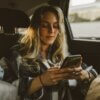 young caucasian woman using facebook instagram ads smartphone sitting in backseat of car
---
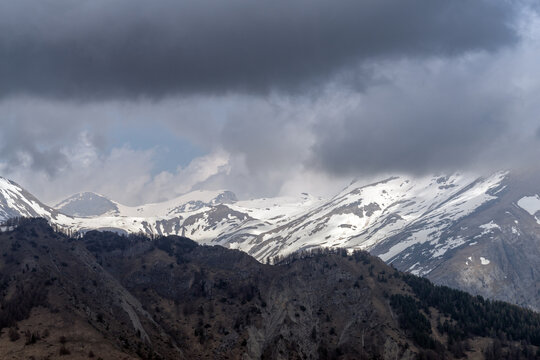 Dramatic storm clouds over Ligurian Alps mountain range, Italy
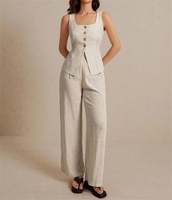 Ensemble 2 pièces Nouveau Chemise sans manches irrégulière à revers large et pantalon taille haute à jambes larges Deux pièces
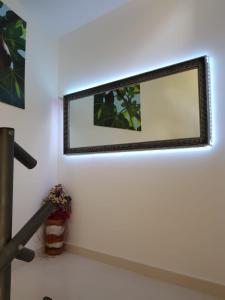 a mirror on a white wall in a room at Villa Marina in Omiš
* * *
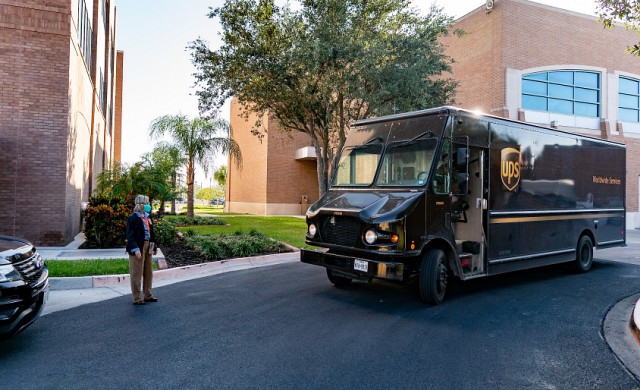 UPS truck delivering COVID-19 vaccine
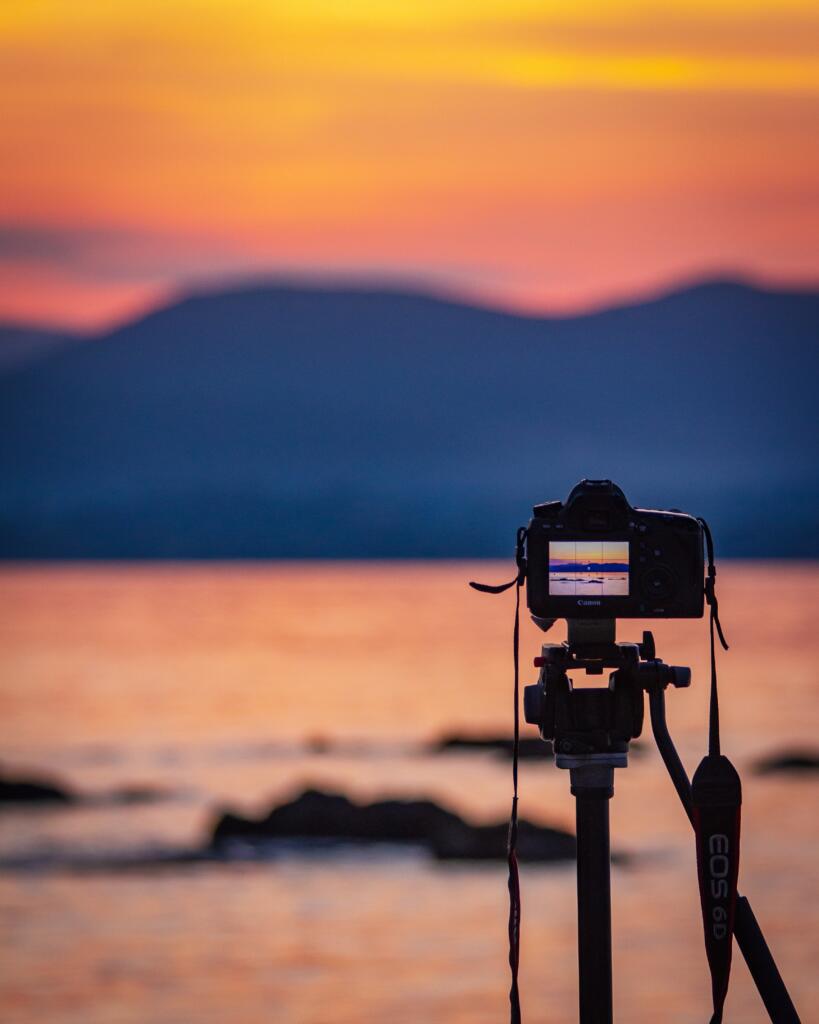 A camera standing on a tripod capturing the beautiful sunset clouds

** PROBLEM STATEMENT **
Out of the records above, please copy exactly the lines from the line with "Dramatic storm clouds" up to and including the line with "a mirror on", minus the pictures.

** PROBLEM SOLUTION **
 Dramatic storm clouds over Ligurian Alps mountain range, Italy
 Ensemble 2 pièces Nouveau Chemise sans manches irrégulière à revers large et pantalon taille haute à jambes larges Deux pièces
 a mirror on a white wall in a room at Villa Marina in Omiš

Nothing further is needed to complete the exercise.